Sunday, October 03, 2010


(Posted on The Messenger, Parkdale United Church Newsletter)
By Sergio Granillo

Fall is in the air, the wind blows smooth refreshingly, weathered leaves on the lawn and dawn coming earlier giving way to a full moon. Inside the brick walls of Parkdale United Church, the air is full of laughter, excitement and expectation. Volunteers rush to finish the details of the fancy tables decorated with cute flowers and tea-lights shining, the china and silverware are all set on the tables.

Rev. Shawn Lucas welcomed the attendees and after saying grace, food was served. Exquisite meals prepared by Chef Veronique, starting by a first course, tossed green salad a la vinaigrette. Few minutes later, the entrée made her way, roasted beef, chicken tights, seasoned potatoes and quiche Lorraine. In an ambiance of elegance, long dresses, black jackets and ties, everybody started the gourmet journey full of taste, the soiree was setting the mood for another delight, music and tons of fresh talent.

Shortly before, The Isac Band made its world première, coffee and dessert were served. Tiramisu, Danish bread with caramel topping and fruit cake were the closing of a perfect menu that earned an ovation to the amazing Chef Veronique.

Under the direction of Ajith Isac, a band of really talented and extremely young musicians –in the range of 11 to 17 years old-, The Isac Band opened its debut concert with two original songs: the Isac Band Title Music and Jupiter.
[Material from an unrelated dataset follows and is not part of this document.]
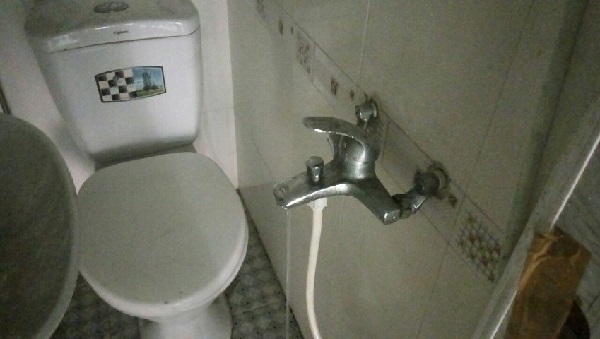 Dấu hiệu nhận biết bồn cầu bị rỉ nước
The members of the band wowed the audience, not only with the talent but because of the young age. Ajith Isac in vocals, guitar and keyboard; Brian Humphries, drums; Anoop Isac, vocals and guitar; Irene Harrett, acoustic double bass and electric bass guitar; Chris Romano, percussions; Jinu Isac –11 years old-, piano, keyboard, synthesizers and vocals; and Matthew Lagan, saxophone.

The program included both original melodies as well as some classics. Ajith Isac sang “In A Sentimental Mood” and “Unforgettable”, the very young Jinu featured a tender version of “Let It Be”, while his older brother Anoop, besides his master electric guitar performances, sang “Beautiful Day”.
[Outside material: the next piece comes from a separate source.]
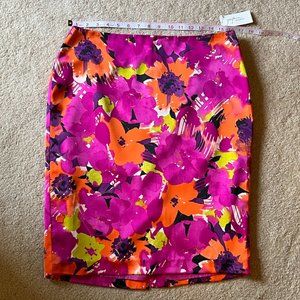 Sz 8 Flowered skirt by Josephine Studio, NWT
As special guests, other members of the church had the chance to participate. Charles Ellsworth took on Elton John’s “Tiny Dancer”, Noreen Simon performed “Jesus Walk With Me” and Sergio Granillo made an interesting interpretation (a reggae version) of “How Great Thou Art” in French (although people believed it was Spanish), called “Dieu Tout Puissant”.

Adding more excitement and fun to this incredible Gala, Rev. Lucas was in charge of the auction, getting to sell everything available, from old-style radio, potty mums, carving knives sets to highly bid “girlie bags”.
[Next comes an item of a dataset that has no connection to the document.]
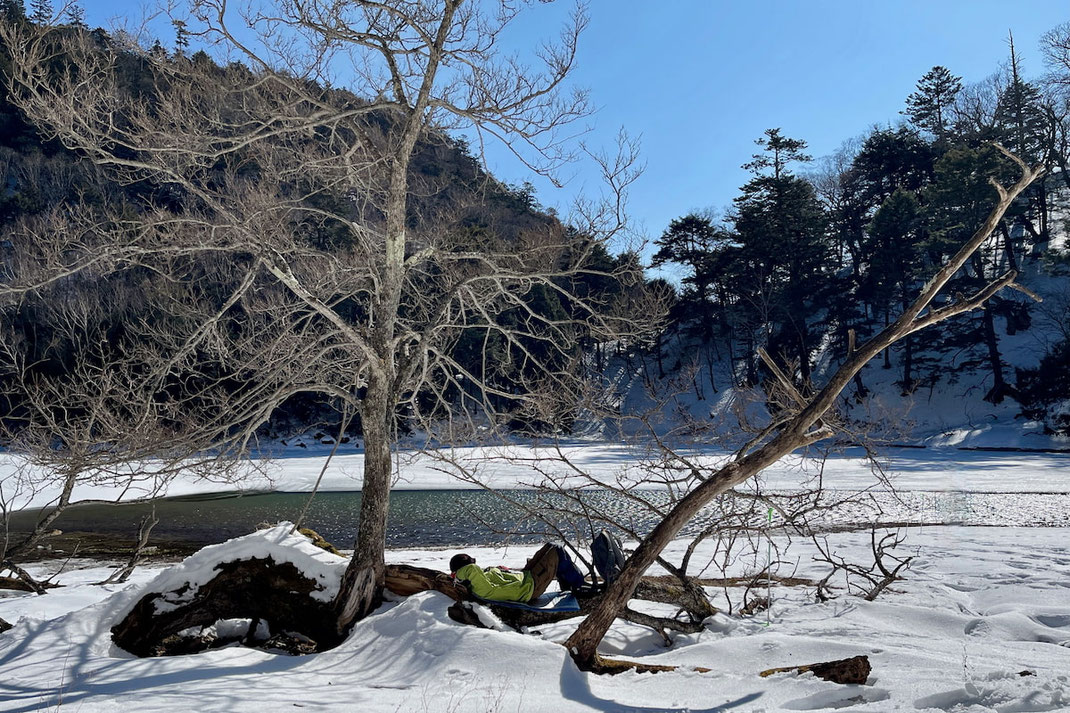 雪の季節にだけアクセスできる湖畔で、静かに過ごす森の一人の時間。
The First Parkdale United Annual September’s Outreach Gala was a big success thanks to the hard work of the volunteers: Vibert Joshua, Lionel Smith, Karen Fox, Glenda Moore, Pat Comar, Vickie Johnson, Shane Gallant, Reg Topping and Roger Beaven. All the proceeds of the event will go to support the outreach programs of the church: Refugee Support Program, The Homework Club and to send kids to camp.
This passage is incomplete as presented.